Exercise material >>

──────────

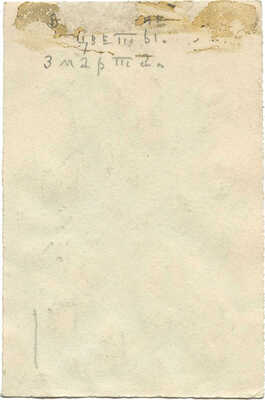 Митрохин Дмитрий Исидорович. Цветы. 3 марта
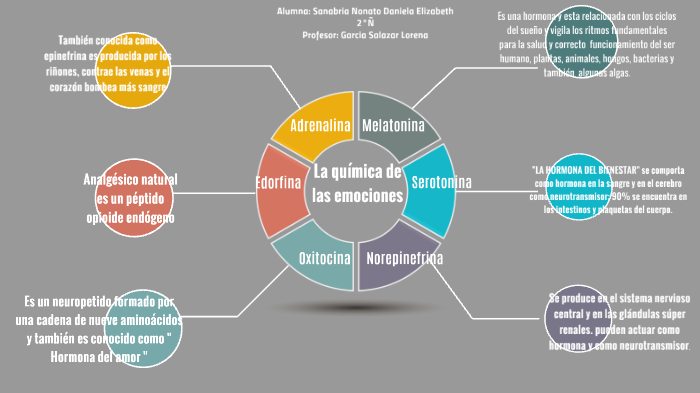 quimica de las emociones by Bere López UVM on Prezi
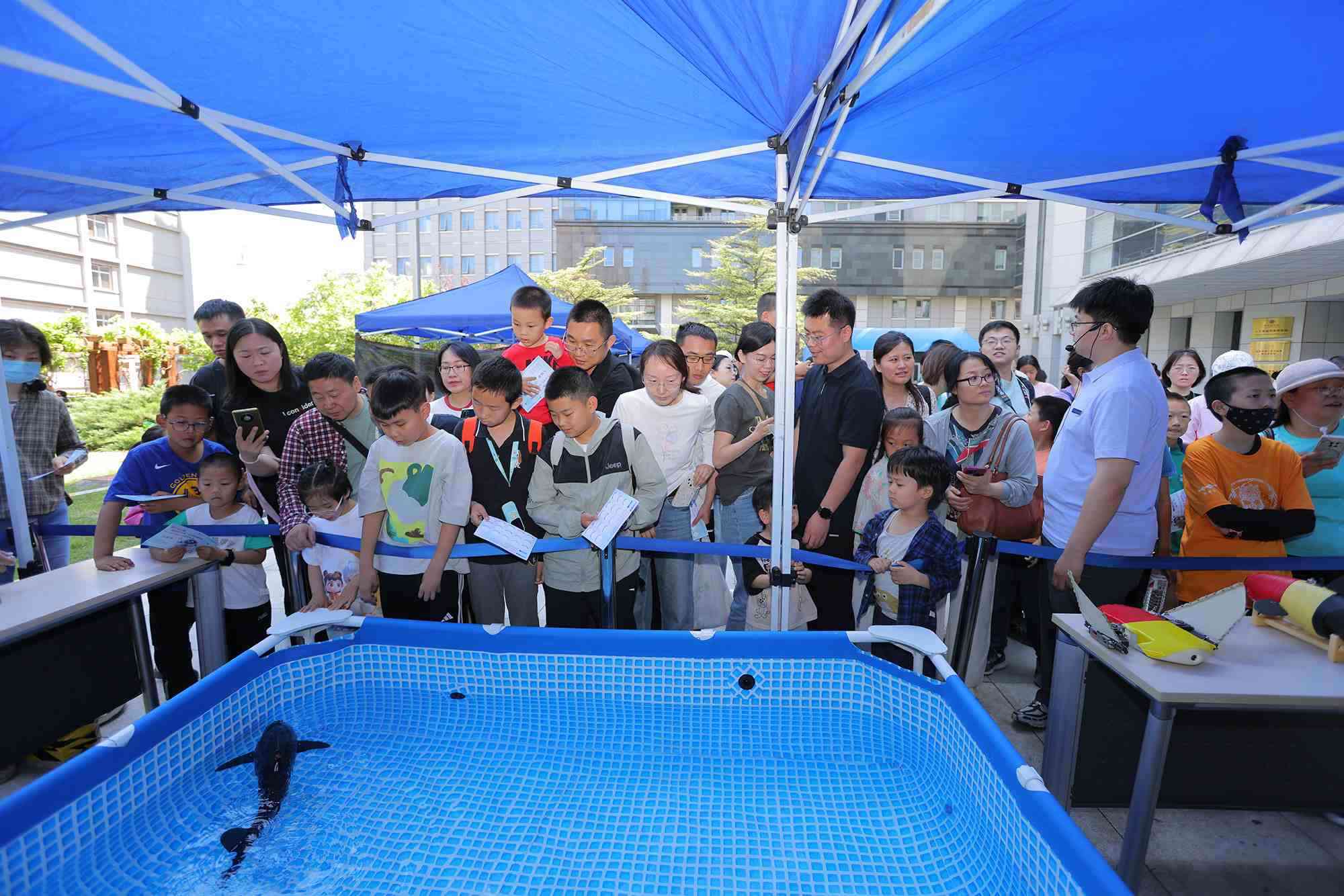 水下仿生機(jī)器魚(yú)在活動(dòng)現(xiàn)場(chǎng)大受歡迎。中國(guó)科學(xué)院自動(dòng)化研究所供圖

──────────

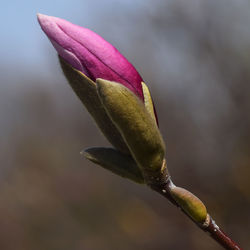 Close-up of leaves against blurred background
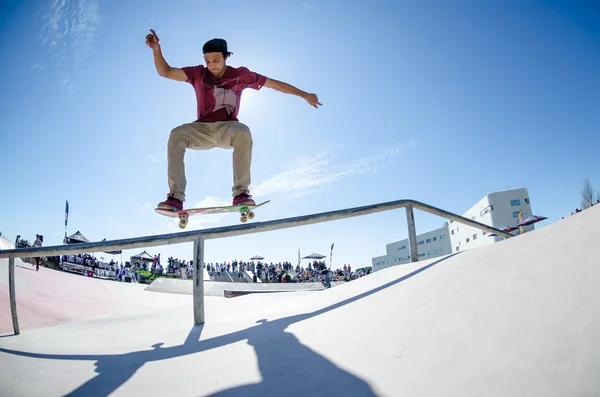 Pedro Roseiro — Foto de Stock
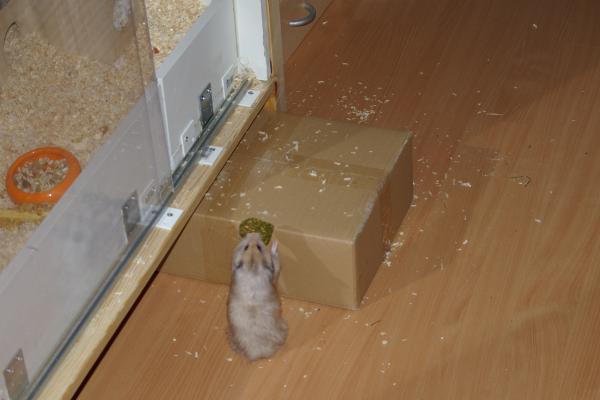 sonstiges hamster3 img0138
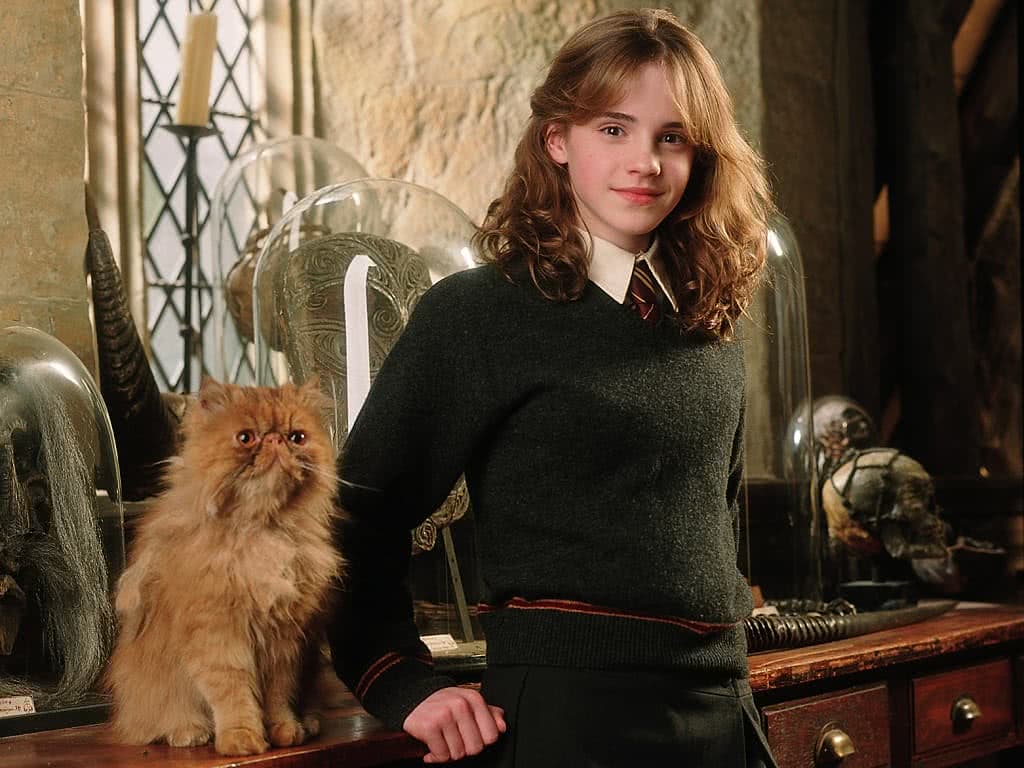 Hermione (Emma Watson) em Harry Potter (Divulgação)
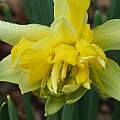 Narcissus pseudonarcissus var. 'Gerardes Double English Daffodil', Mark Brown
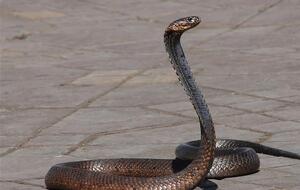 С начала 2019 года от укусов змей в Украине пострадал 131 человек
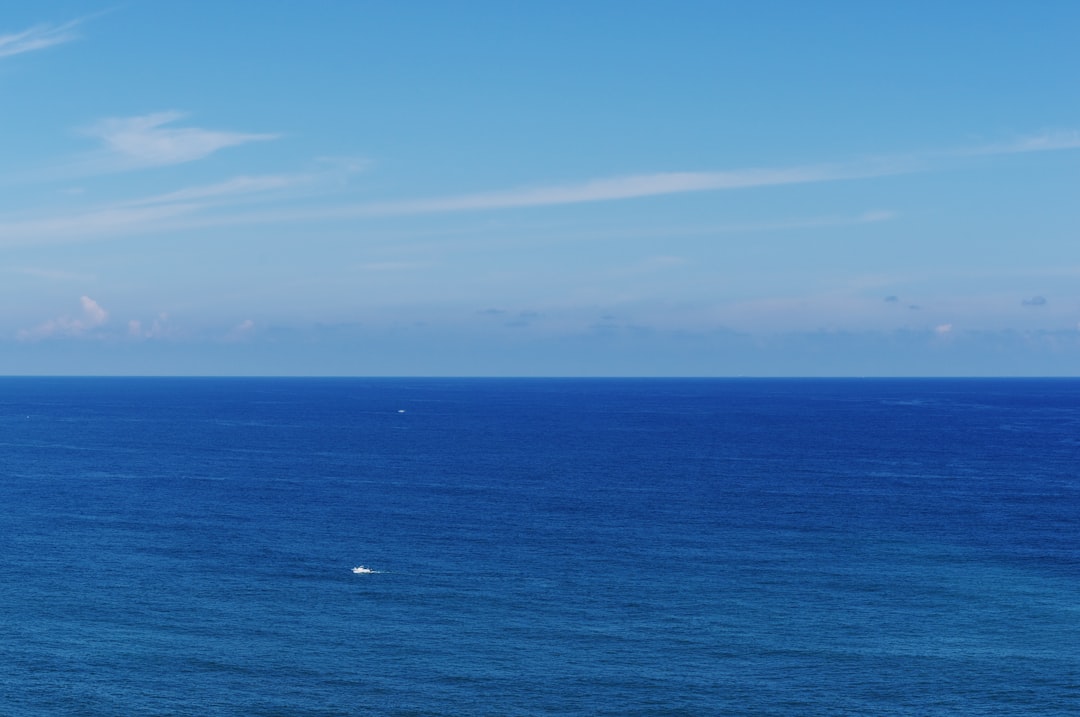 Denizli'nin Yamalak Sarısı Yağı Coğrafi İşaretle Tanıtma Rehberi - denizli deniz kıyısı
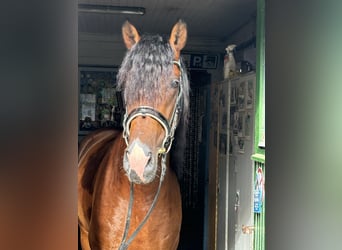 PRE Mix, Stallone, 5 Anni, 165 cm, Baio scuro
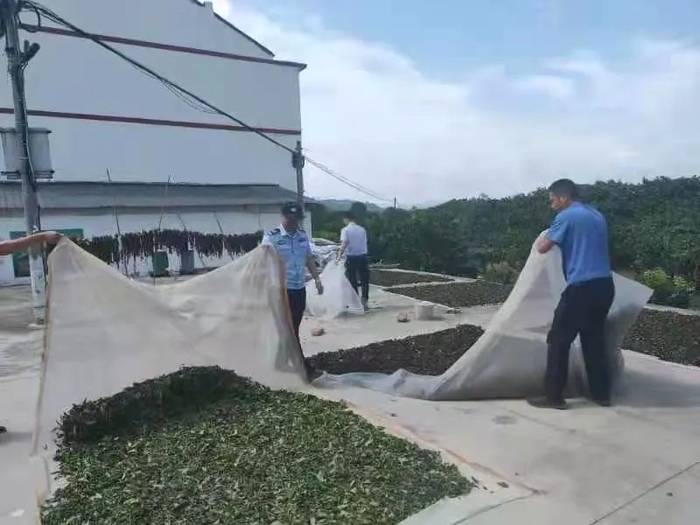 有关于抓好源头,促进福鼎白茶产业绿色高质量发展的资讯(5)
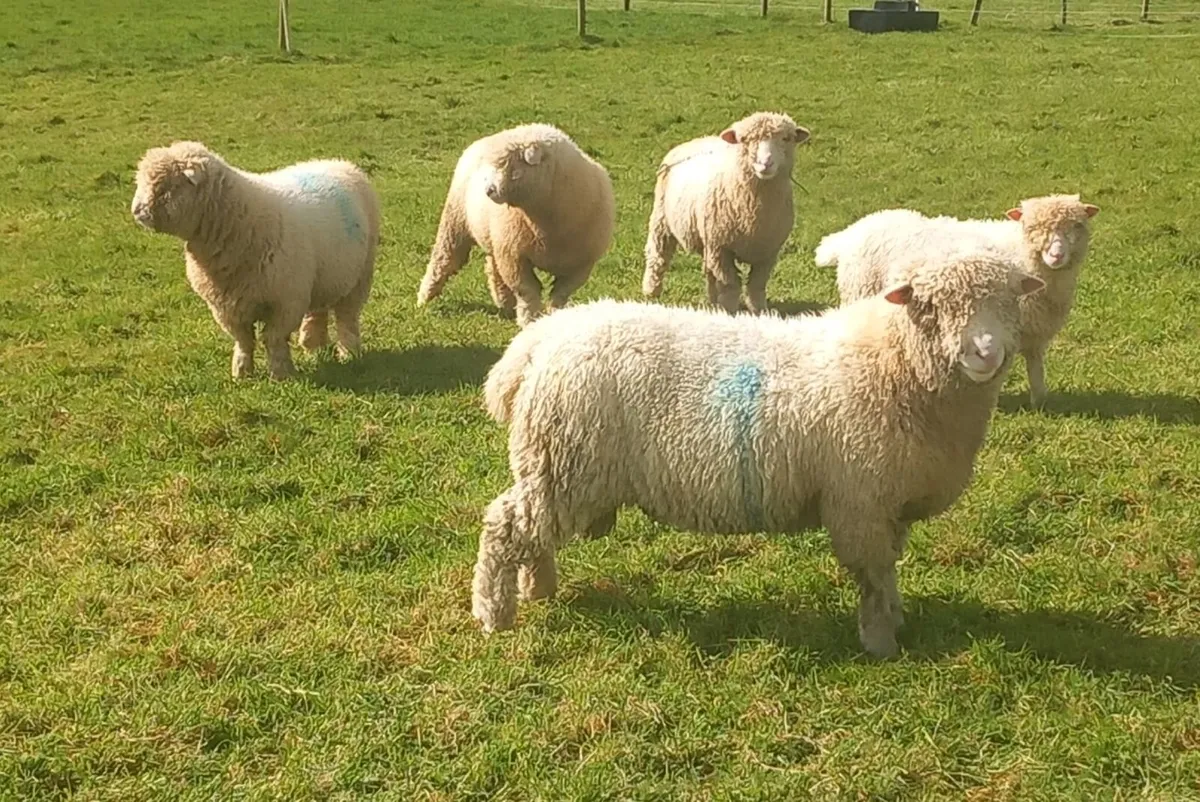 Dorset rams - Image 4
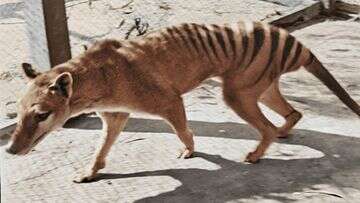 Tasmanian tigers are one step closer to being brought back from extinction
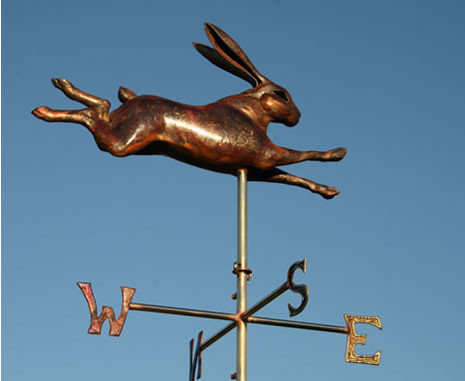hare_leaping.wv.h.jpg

──────────

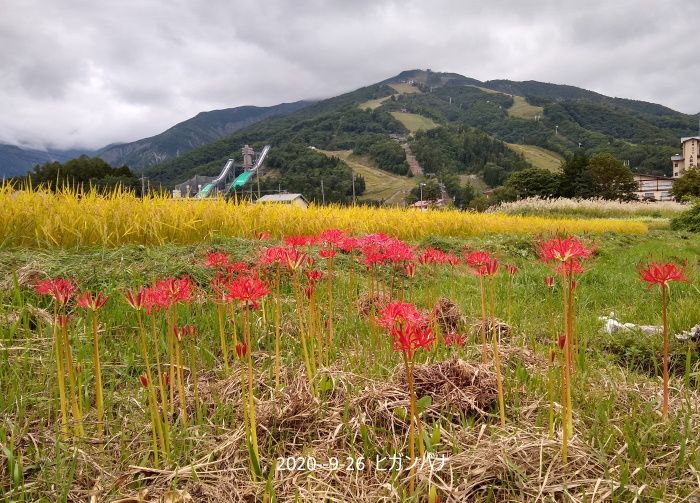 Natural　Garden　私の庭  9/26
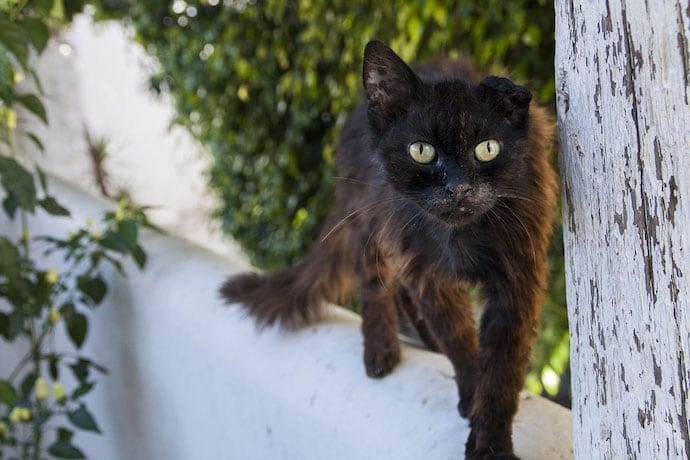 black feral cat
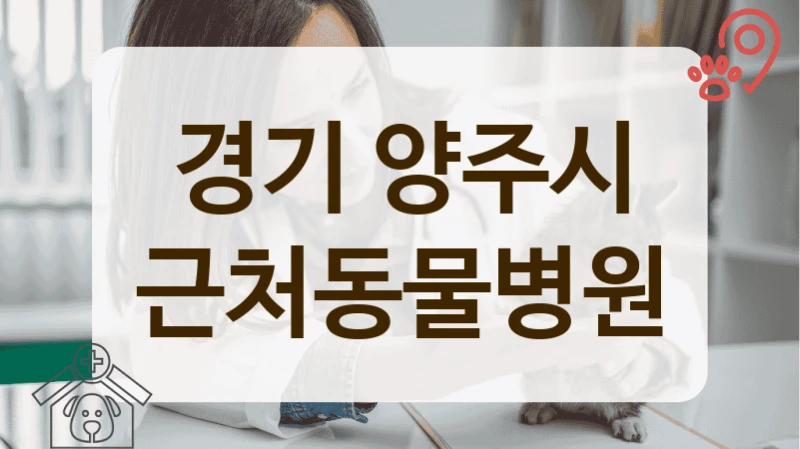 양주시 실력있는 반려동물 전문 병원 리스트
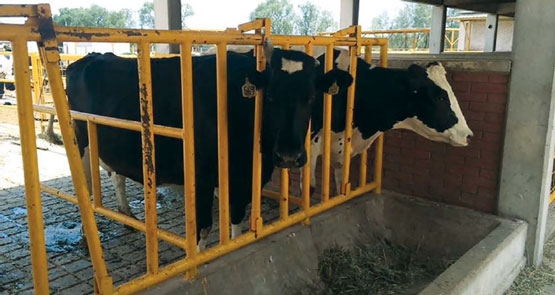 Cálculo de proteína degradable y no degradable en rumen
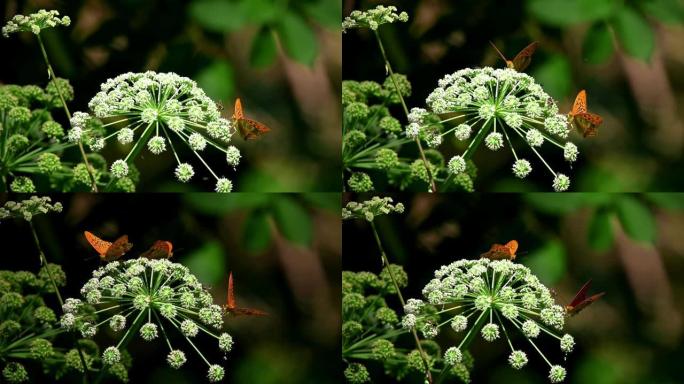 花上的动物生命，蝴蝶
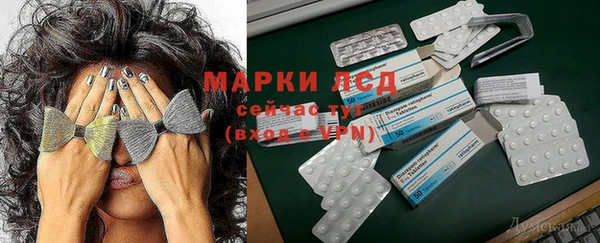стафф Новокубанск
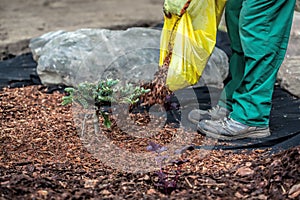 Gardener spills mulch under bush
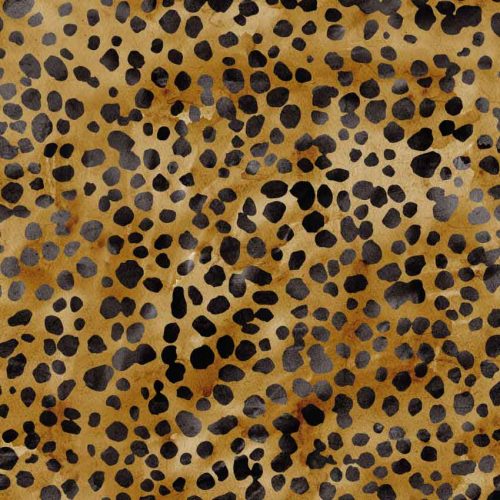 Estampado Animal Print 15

──────────

Your objective >>
Reproduce the data above exactly, but only the lines from the one showing "Denizli'nin Yamalak Sarısı" through the one showing "hare_leaping.wv.h.jpg", with both ends kept and the pictures left out.

Reply >>
 Denizli'nin Yamalak Sarısı Yağı Coğrafi İşaretle Tanıtma Rehberi - denizli deniz kıyısı
 PRE Mix, Stallone, 5 Anni, 165 cm, Baio scuro
 有关于抓好源头,促进福鼎白茶产业绿色高质量发展的资讯(5)
 Dorset rams - Image 4
 Tasmanian tigers are one step closer to being brought back from extinction
hare_leaping.wv.h.jpg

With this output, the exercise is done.